GMR Institute of Technology
- Type: Educational institutions
- Established: 1997
- Founder: G.M.Rao
- Location: Rajam, Vizianagaram district, Andhra Pradesh, India 18°27′59″N 83°39′39″E﻿ / ﻿18.46646°N 83.66078°E established = 1997
- Campus: Suburban, 117 acres (0.47 km^{2}) of land;
- Website: gmrit.edu.in

= GMR Institute of Technology =

Institute in Andhra Pradesh, India

GMR Institute of Technology (GMRIT) is an engineering college in India. It is in the Rajam, Vizianagaram district of Andhra Pradesh. It is affiliated to Jawaharlal Nehru Technological University, Kakinada.

== History ==
GMRIT was established in 1997 by the GMR Varalakshmi Foundation — the corporate social responsibility arm of the GMR Group.

Dr.
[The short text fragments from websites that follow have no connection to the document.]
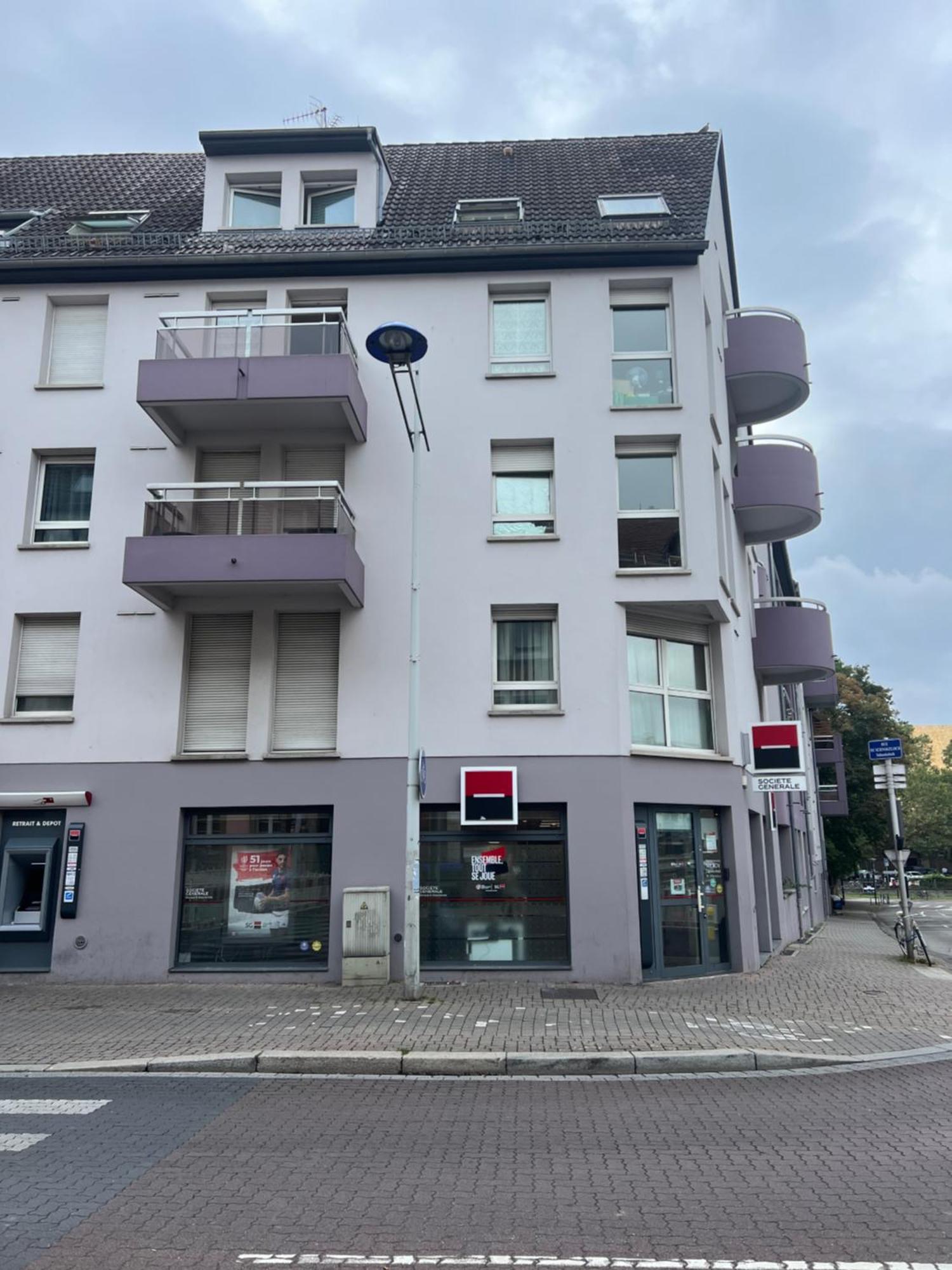 Le K Appartement - Strasbourg Luaran gambar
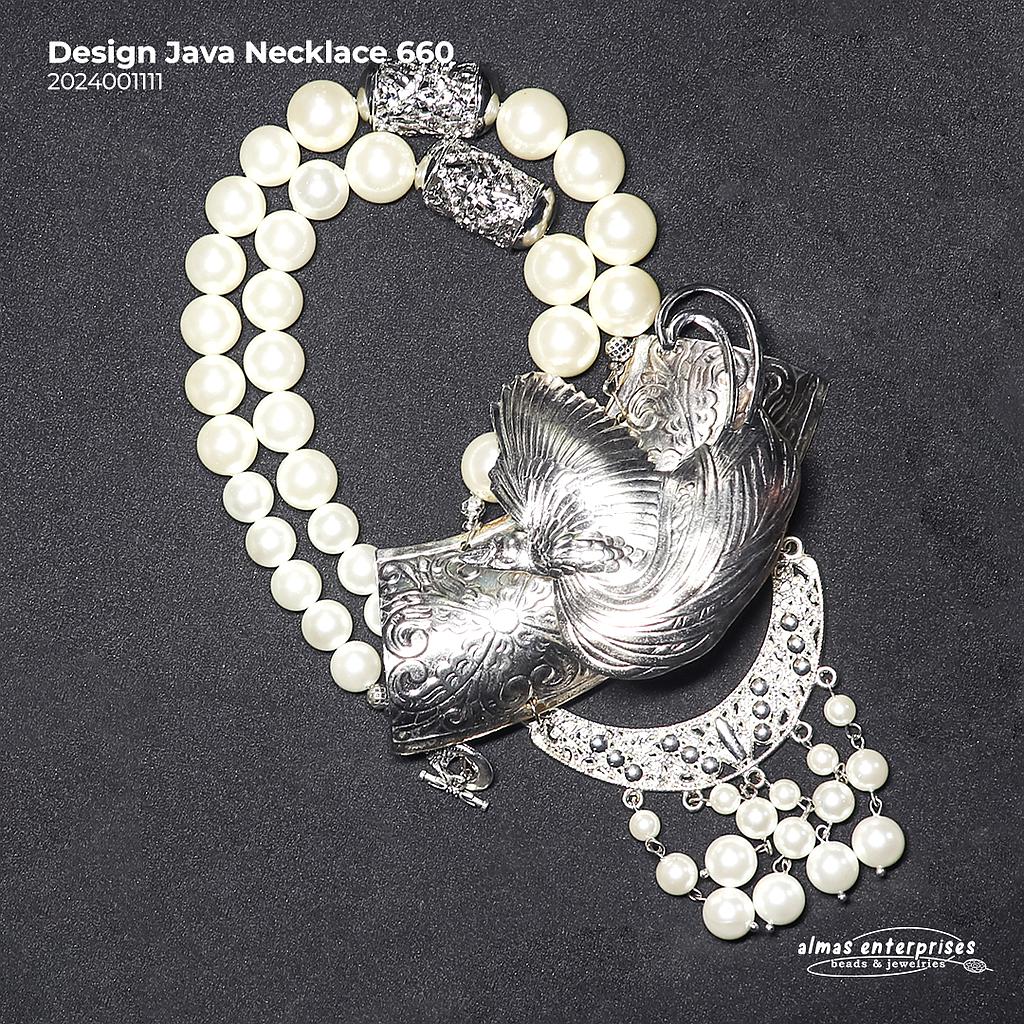 Design Ethnic Java Necklace 660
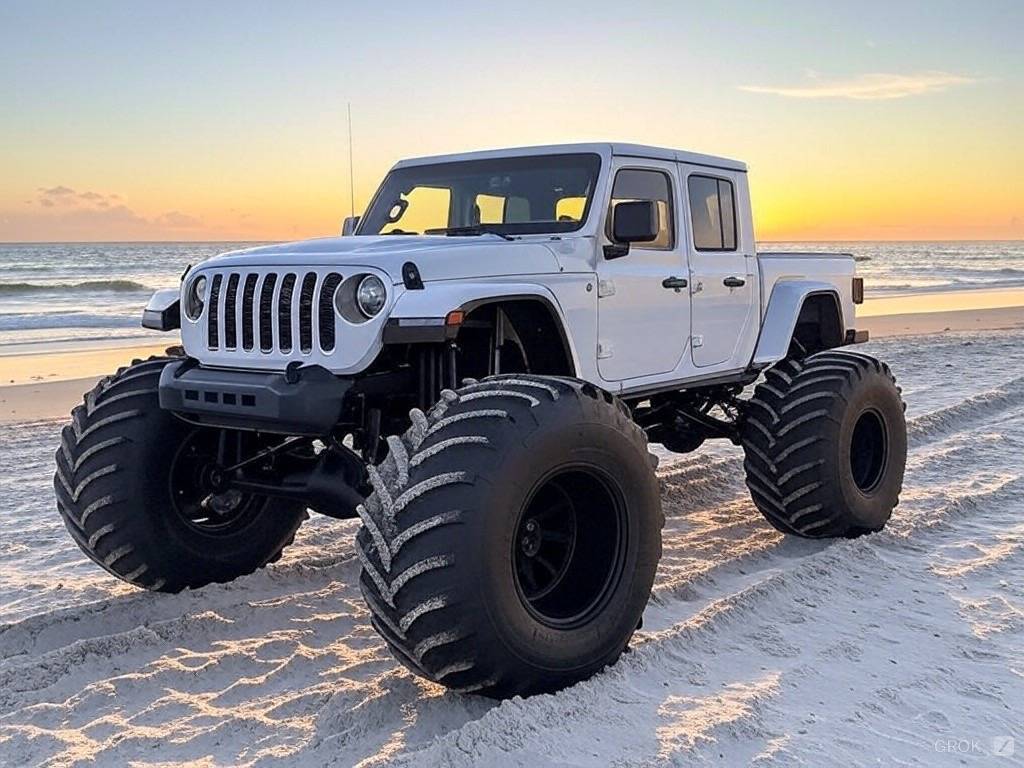 Jeep Gladiator How fast is a JT on a Stagecoach trail? Post your AI JT images IMG_9046.JPG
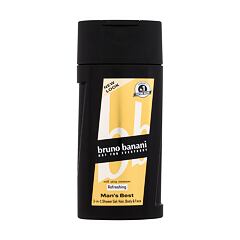 Sprchový gel Bruno Banani Man´s Best With Spicy Cinnamon 250 ml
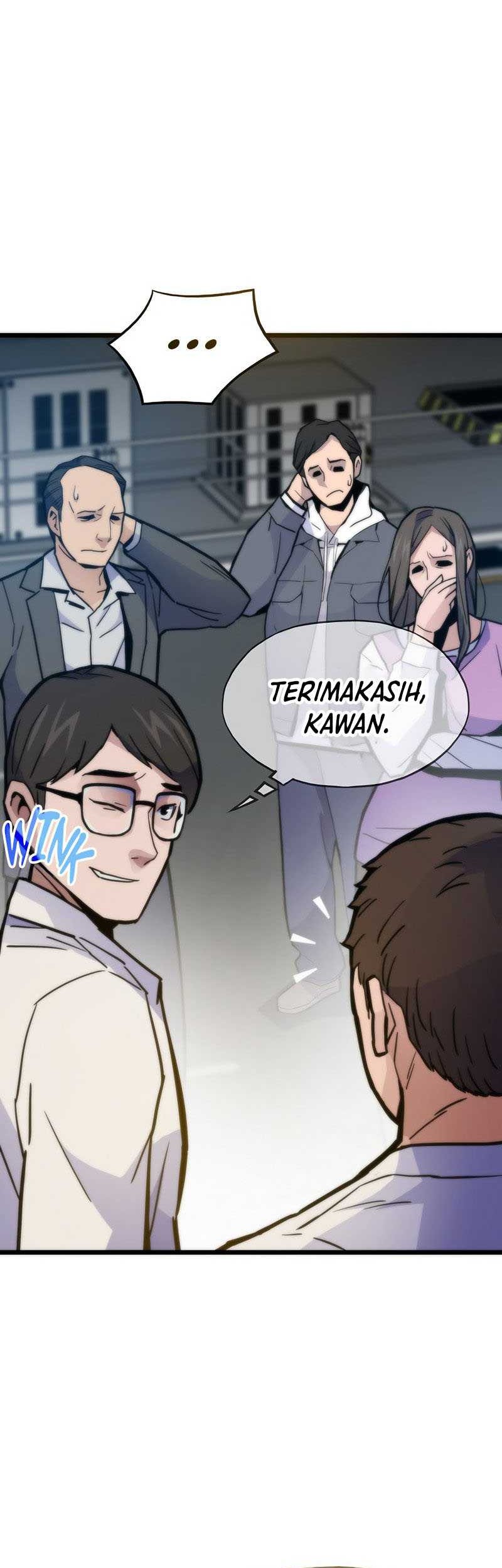 Past Life Regressor Chapter 70 Gambar 12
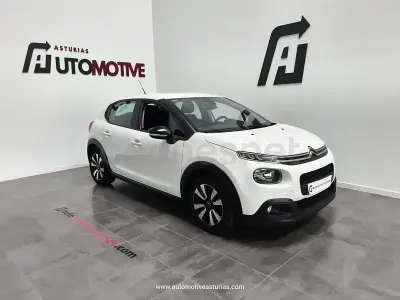 Occasion Citroën C3 Feel 99 ch (72 kW) 2020 Blanc Citadine
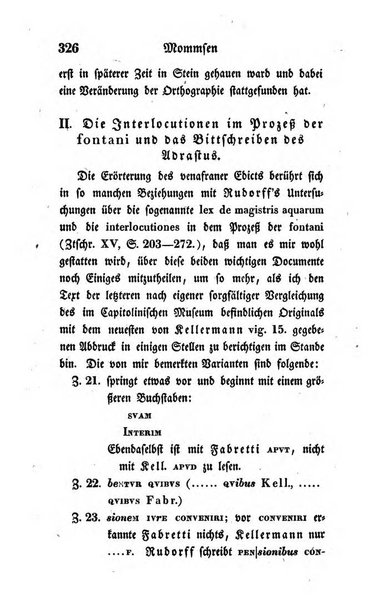 Zeitschrift fur geschichtliche Rechtswissenschaft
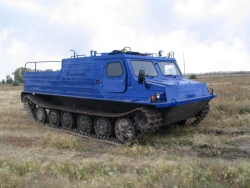 Snowmobiler GT-TR-01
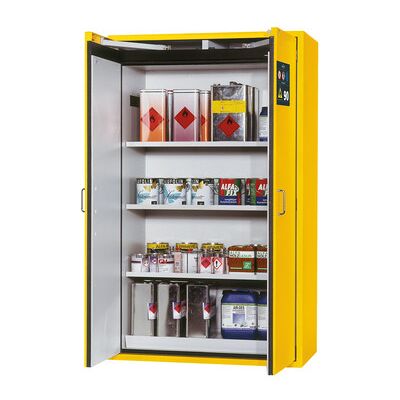 Asecos Sicherheitsschrank S90 Ral 1004 3fb1lb1bw Stahlblech Asecos Sicherheitsschrank S90 Ral 1004 3fb1lb1bw Stahlblech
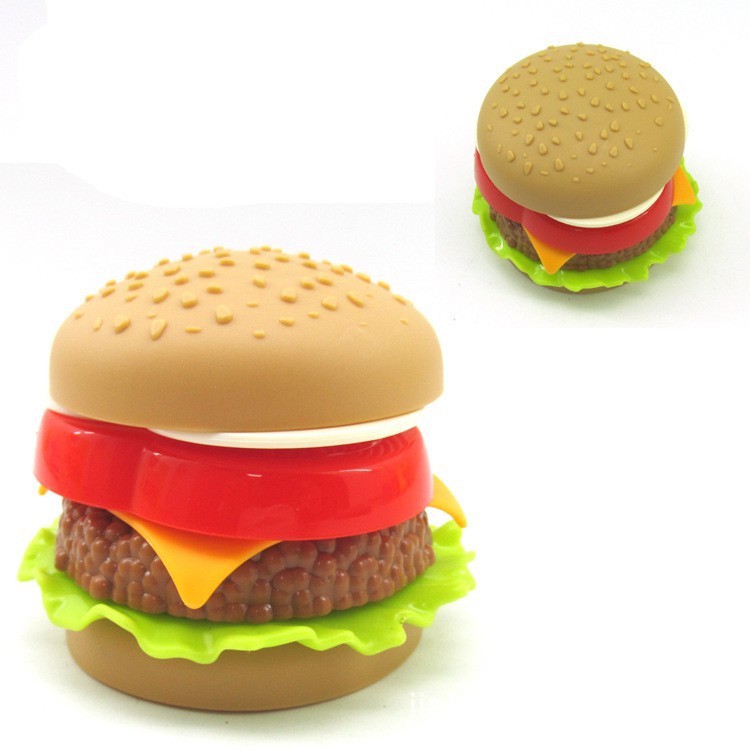 Mainan Krabby Patty Spongebob Edukasi Anak Burger Kraby Patties Grosir Murah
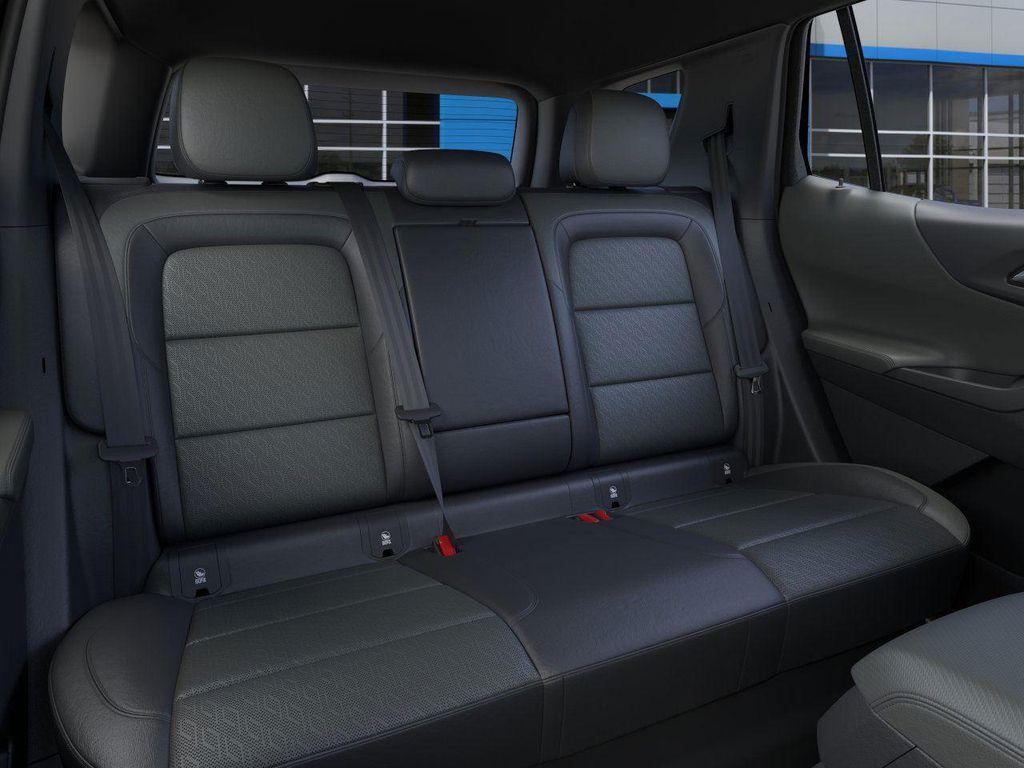 new 2026 Chevrolet Equinox car, priced at $34,740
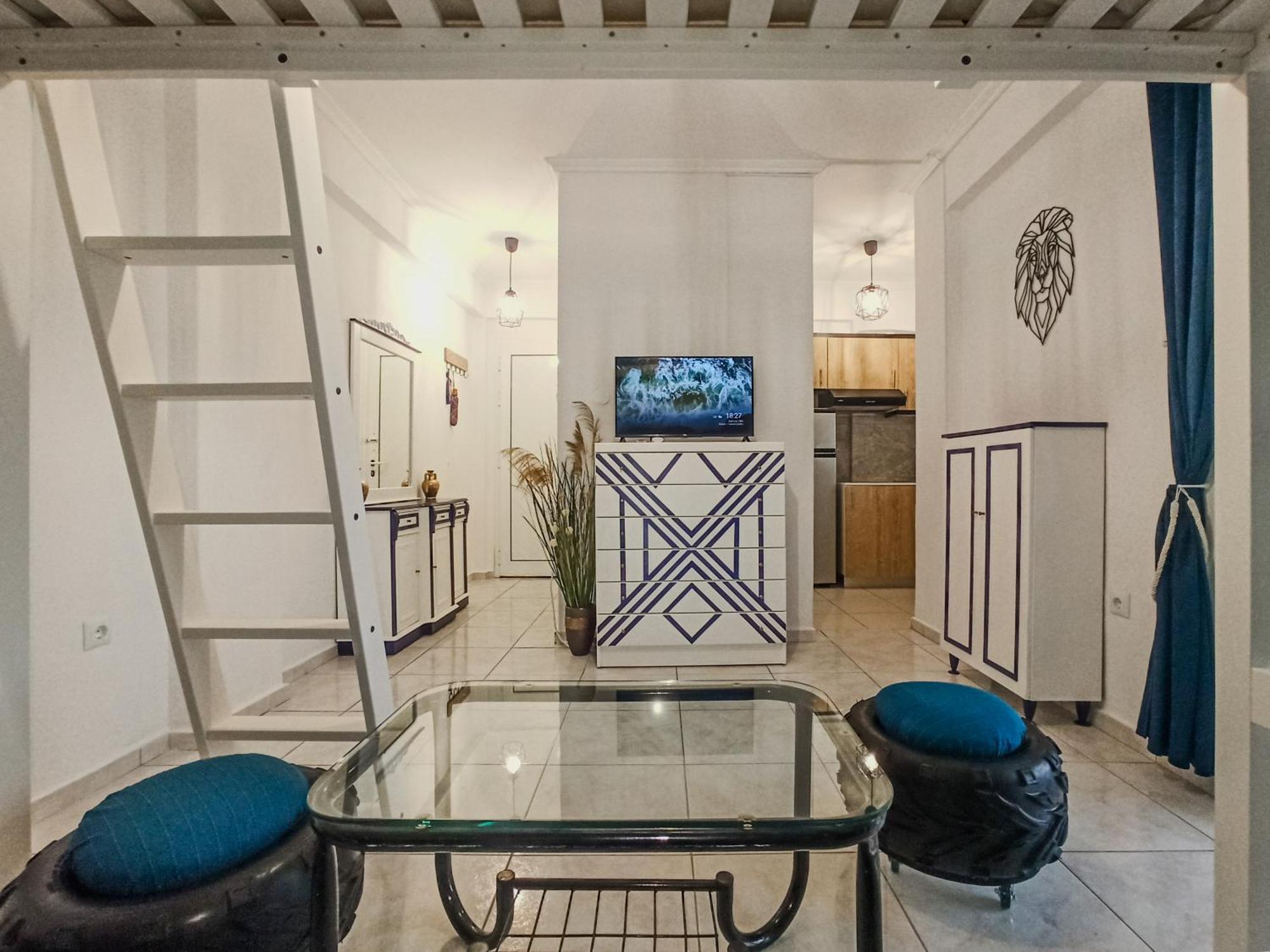Apartmán Josuaz Blue *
C.L.V.R.S.V. Prasad is principal of GMRIT.

== Departments ==
GMRIT offers a four-year Bachelors in Technology (B.Tech.) programme in eight disciplines. Students are admitted on the basis of merit in EAMCET.

Departments at GMRIT are:
- Civil Engineering
- Computer Science and Engineering
- Computer Science and Engineering(Artificial intelligence & Machine learning)
- Computer Science and Engineering(Artificial intelligence & Data Science)
- Electrical and Electronics Engineering
- Electronics and Communications Engineering
- Information Technology
- Mechanical Engineering

GMRIT offers seven M.Tech. programmes in seven specialized areas of engineering. Students are admitted on the basis of merit scores of GATE/PGCET through common window of counseling for category 'A' seats or category 'B' seats.

M.Tech. program/courses are offered with the following specializations:
- Transportation Engineering
- Computer science & Engineering
- Digital Electronics & Communication Systems
- VLSI Design — Second Shift
- Power and Industrial Drives
- Mechanical — CAD / CAM
- Environmental Engineering

== Rankings ==
The National Institutional Ranking Framework (NIRF) ranked the institute in 201-300 band in the engineering rankings in 2024.